Take the line containing "PawHut Maison Tortue" and every line after it to the end of the data, and write them out exactly as they appear.

Records from a data collection:
============================================================

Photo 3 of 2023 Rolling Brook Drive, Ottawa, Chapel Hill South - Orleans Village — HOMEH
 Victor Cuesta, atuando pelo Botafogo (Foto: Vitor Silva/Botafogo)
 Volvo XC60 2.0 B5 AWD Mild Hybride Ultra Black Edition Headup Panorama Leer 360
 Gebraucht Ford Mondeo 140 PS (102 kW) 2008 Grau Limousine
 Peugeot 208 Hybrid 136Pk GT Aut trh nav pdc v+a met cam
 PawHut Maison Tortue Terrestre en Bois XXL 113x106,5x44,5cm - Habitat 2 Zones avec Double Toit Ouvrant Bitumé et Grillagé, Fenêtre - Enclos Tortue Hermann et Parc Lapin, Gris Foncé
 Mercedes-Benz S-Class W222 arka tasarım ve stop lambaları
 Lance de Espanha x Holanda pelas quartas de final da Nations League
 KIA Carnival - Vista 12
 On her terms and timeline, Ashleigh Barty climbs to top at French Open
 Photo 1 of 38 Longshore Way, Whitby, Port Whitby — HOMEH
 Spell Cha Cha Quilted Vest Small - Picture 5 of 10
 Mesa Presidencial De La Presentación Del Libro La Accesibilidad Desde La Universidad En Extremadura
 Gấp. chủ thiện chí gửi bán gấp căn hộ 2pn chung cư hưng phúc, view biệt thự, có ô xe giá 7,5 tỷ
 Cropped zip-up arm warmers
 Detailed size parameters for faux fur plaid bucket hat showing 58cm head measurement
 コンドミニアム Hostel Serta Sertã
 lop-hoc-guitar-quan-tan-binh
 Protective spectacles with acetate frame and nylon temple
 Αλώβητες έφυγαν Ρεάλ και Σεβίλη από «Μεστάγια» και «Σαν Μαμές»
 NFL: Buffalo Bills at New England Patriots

============================================================

Solution to this exercise »
 PawHut Maison Tortue Terrestre en Bois XXL 113x106,5x44,5cm - Habitat 2 Zones avec Double Toit Ouvrant Bitumé et Grillagé, Fenêtre - Enclos Tortue Hermann et Parc Lapin, Gris Foncé
 Mercedes-Benz S-Class W222 arka tasarım ve stop lambaları
 Lance de Espanha x Holanda pelas quartas de final da Nations League
 KIA Carnival - Vista 12
 On her terms and timeline, Ashleigh Barty climbs to top at French Open
 Photo 1 of 38 Longshore Way, Whitby, Port Whitby — HOMEH
 Spell Cha Cha Quilted Vest Small - Picture 5 of 10
 Mesa Presidencial De La Presentación Del Libro La Accesibilidad Desde La Universidad En Extremadura
 Gấp. chủ thiện chí gửi bán gấp căn hộ 2pn chung cư hưng phúc, view biệt thự, có ô xe giá 7,5 tỷ
 Cropped zip-up arm warmers
 Detailed size parameters for faux fur plaid bucket hat showing 58cm head measurement
 コンドミニアム Hostel Serta Sertã
 lop-hoc-guitar-quan-tan-binh
 Protective spectacles with acetate frame and nylon temple
 Αλώβητες έφυγαν Ρεάλ και Σεβίλη από «Μεστάγια» και «Σαν Μαμές»
 NFL: Buffalo Bills at New England Patriots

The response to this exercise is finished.